Compiler (ruso-script)

The compiler turns .rsl source into a BytecodeProgram consumed by ruso-runtime.

Public API

use ruso_script::{parse, compile};

let program = parse(source)?;
let bytecode = compile(&program)?;
FunctionOutput
parseProgram { statements: Vec<Stmt> }
compileBytecodeProgram

Parse errors: ParseError (Pest or Invalid message).
Compile does not fail on well-formed AST today—errors are parse-time.

Pipeline

source text
    → Pest (Rule::program)
    → build_statement per item
    → Program
    → build_program_spec (metadata + probes only)
    → Compiler::emit_program (executable stmts)
    → BytecodeProgram

build_program_spec

File: src/spec_build.rs.

Walks statements; collects:

  • Metadata into CheckMetadata
  • Stmt::Http / Dns / Tcp / Udp into ProgramSpec.probes: HashMap<String, ProbeKind>

Executable statements are ignored here.

compile

File: src/compile.rs.

Compiler maintains:

  • code: Vec<Instr>
  • strings + string_ids dedup map
  • payloads + payload_ids dedup map (byte equality)
  • matchers, extracts, evidence append-only pools

Probe definitions (Http, Dns, …) emit nothing—only send triggers network ops at runtime.

Control-flow compilation

if

let if_pc = emit(IfMatch { matcher, else_pc: 0 });
emit_program(body);
patch else_pc = code.len();

Parser layout

ModuleResponsibility
grammar.pestSyntax
parser/mod.rsbuild_statement dispatch
parser/metadata.rsname, description, impact, severity, author, report, cve, cwe, references, cvss, cvss_score, mitigation, tags, version, family
parser/probes.rshttp block items
parser/socket.rsdns / tcp / udp shared builder
parser/match_expr.rsqualified matchers, groups
parser/statements.rssend, if, for, flow, …
parser/body.rsHTTP body objects

Nesting-depth guard

pest is a recursive-descent parser, so each nested block (if / forend) or object ({ … }) costs one parser stack frame.
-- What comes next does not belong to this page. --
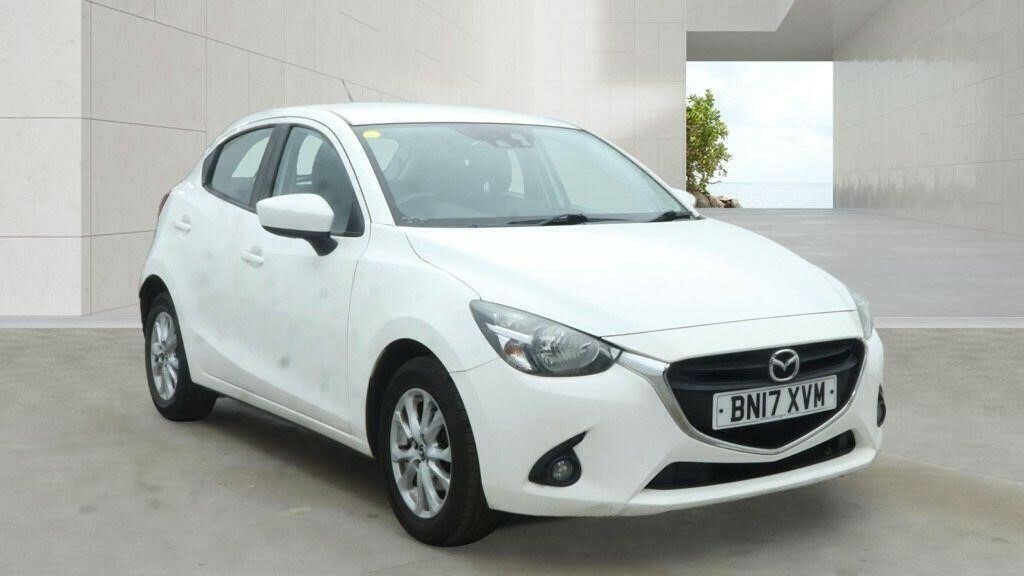 Mazda 2 1.5 Skyactiv-g Se-l Euro 6 Ss White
A few thousand levels — well under the backend's 256 KiB source cap — overflow the stack and abort the process (a stack overflow can't be caught by catch_unwind and isn't bounded by the executor's wall-clock budget). parse() therefore runs check_nesting_depth before handing the source to pest: a single linear, string-/comment-aware scan that rejects input nesting deeper than MAX_NESTING_DEPTH (64) with a graceful ParseError::Invalid. The counter tracks simultaneously-open constructs, which equals pest's recursion depth, so it can't be evaded by interleaving brace and keyword nesting.

Adding a socket option

  1. Add keyword to grammar.pest (socket_item arm).
  2. Parse in parser/socket.rs → field on SocketProbe.
  3. Copy in spec_build::socket_spec.
  4. Extend SocketProbeSpec in runtime + write_socket_probe / read_socket_probe.
  5. Implement behavior in session.rs / executor.rs.
  6. Document in RSL_REFERENCE.md and bump VERSION if wire format changes.

Adding a statement

  1. grammar.pest — new statement alternative.
  2. ast.rsStmt variant.
  3. parser — builder.
  4. compile.rsemit_stmt + new Instr if needed.
  5. executor.rs + binary.rs + opcode.rs for new instructions.

AST highlights

pub struct SocketProbe {
    pub name: String,
    pub host: String,
    pub port: Option<u16>,
    pub payload: Option<Vec<u8>>,
    pub tls: bool,
    pub session: bool,
    pub read_max: u32,
    pub read_idle_ms: u32,
}

pub enum Stmt {
    Send { probe: String, payload: Option<Vec<u8>> },
    Break,
    // …
}

Syntax tests

src/script/syntax_tests.rs — parse-only tests for grammar regressions. Run when changing parser:

cargo test -p ruso-script

Examples

Bundled under examples/*.rsl in this repository — living documentation (see EXAMPLES.md).